PhD application dilemma

T

Hi all, new to this forum but wondering if anyone could share an opinion on my PhD application dilemma.

A few months back I was contacted by a lecturer from my undergrad uni encouraging me to apply for one of their funded PhD projects. The project is great, perfect for my research interests and academic background, plus it is with a dept im both familiar with and great supervisors. I applied, was shortlisted for interview and had the interview a couple of weeks back. The website said yesterday would be the latest to hear back (on a bank holiday and during Easter hols?) and I have not heard anything. I was very nervous at the interview and gave a few rubbish answers and I'm convinced I haven't got it, despite being suitable on paper.

The supervisor also encouraged me to apply with the same project to a Consortium funding body associated with the uni to maximise my chances and I am due to interview for it next week. As I wrote a research proposal that was built around the advertised project at the uni, but made it my own, is it ethical to pursue the same project at the second interview? If I haven't been successful, surely the candidate they have taken on will be doing something very similar, which would make my project lack originality, and I sense that it could be problematic to try and pursue a PhD project that I didn't come up with personally, but rather adapted to my interests. Although I was encouraged to apply to both with the same project. Apart from that, of all the Consortium member unis, the one I interviewed for first has the most apt supervision... if I'm successful in the next interview I don't know if I could face working with supervisors who didn't want me first time round. Do I pull out of the second interview, should I send a follow up email to the first one? I'm really in a muddle!
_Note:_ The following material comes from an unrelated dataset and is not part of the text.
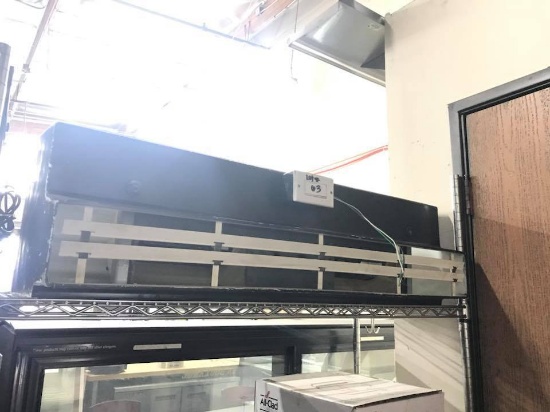 36" AIR CURTAIN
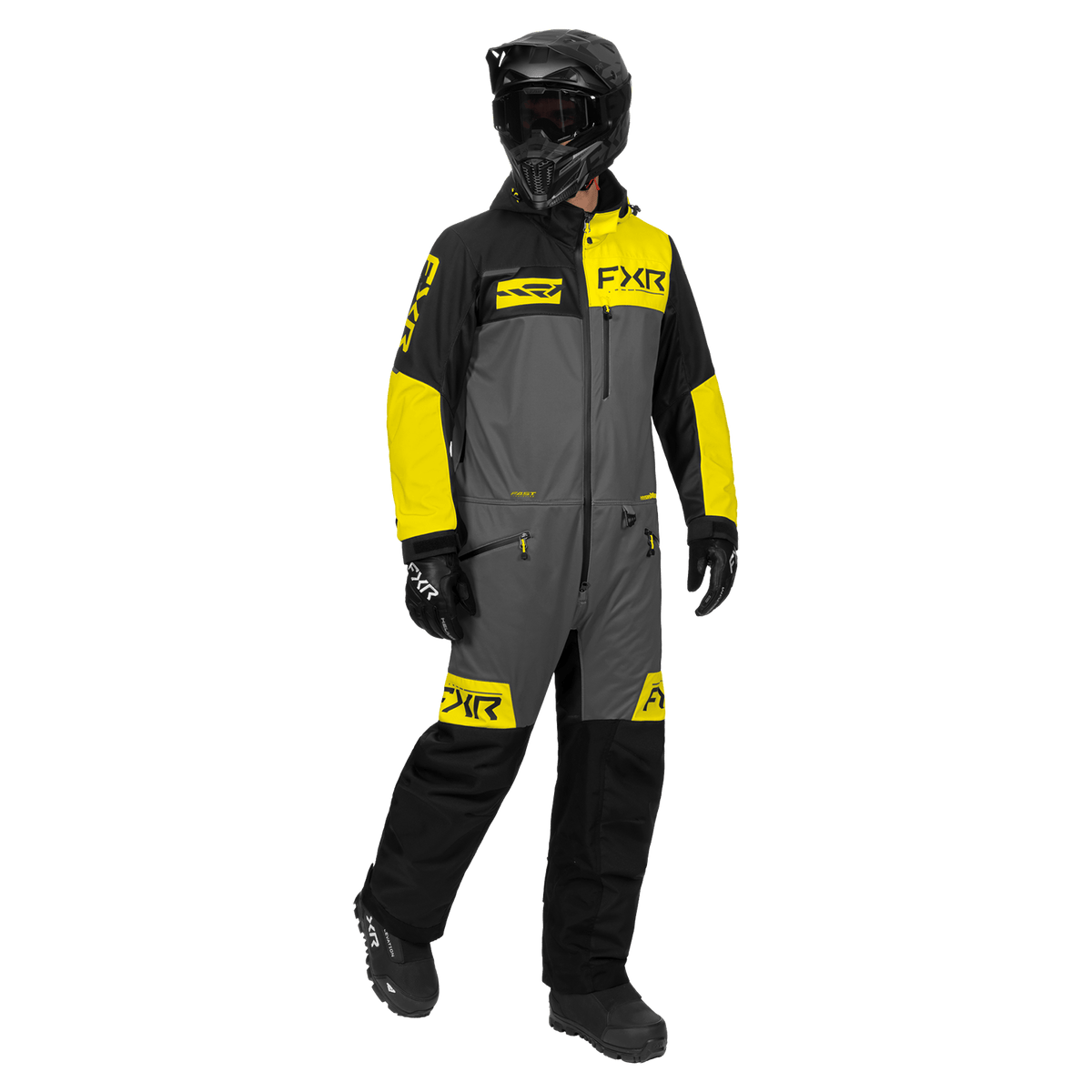 FXR Rev F.A.S.T. Insulated Monosuit - Valcourt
Would appreciate any thoughts!! Thank you!

Avatar for rewt

Hi traductrice,

First, it is Easter holidays so things will be going slowly in Universities until next week. The delay could be good it could be bad you dont know as long as there is Easter. I would wait until next week and then politely ask if they have come to a decision as you are considering other options. Academics as you probably know are notoriously slow as responding sometimes.

So you have applied for an already funded position and to funding body as well with the same project at the same uni? I am assuming that is right for the next bit.

My opinion on the consortium is that if that it is at the same uni with the same supervisor, go for it. The supervisor(s) already has already considered the possibilities as they suggested you to do it in the first place. The supervisor is probably hoping to get two PhD students out of this as if you get the consortium funding he saves his own money to fund another person. Also if he rejects you and consortium accepts you, he still gets two PhD students. Really you have two chances at the same project with different adjudicators.

So go for the second interview as you effectively have already effectively done it before and can only get better. The external funding will look on your CV plus you will have another student working alongside you (that will help a lot). Two people working on similar projects can be very good if there is some coordination as you can help each other but avoid too much duplication.

If you are still worried send an email asking for help for the consortium interview. Ask for some feedback to help you develop your presentation (if there was one) and if they thought you had gaps in your knowledge. It would look good for you anyway.

Just remember they invited you into this process so they must think you are good enough.

T

I agree with rewt. Unis are nearly always late getting back about things like this (I recall it was 2 weeks past the deadline that they told me I had got funding). And as for the other opportunity - yes, you just have to go for both to increase your chances of getting funding. If you don't get the first one, it isn't necessarily that you weren't wanted - it is just a pragmatic matter - maybe someone else was already on the cards or something - or they had more experience than you - or maybe they even know you have applied for the other and plan to give you that (often the same people are sat on different boards). Your supervisor knows how it all works, which is why they've advised you to go for the other funding as well. It's all pragmatism.

Best of luck - hope you get offered one or both!

Tudor

P

It might also be worth remembering that thousands of lecturers have just spent the last month on strike so their minds are probably on other things right now.

T

Hi all,

Thank you for your replies and for sharing your thoughts/experiences, it has made me feel a much better about things.

I did think with Easter and the strikes things might be delayed, hopefully might hear back either way at the start of next week. Tricky to know whether/when to email as not wanting to appear too pushy or impatient, although waiting is torture!

Rewt - yes that is correct, it’s the same project and same uni, just two different sources of funding. I hadn’t really considered the idea of two people working within the same area of study/same programme. My concern really here is that if successful, I would potentially have to change a lot of my project (which I might sure would happen over time anyway) in order to ensure that it’s original. Will have to cross that bridge if it comes to it. Got everything crossed!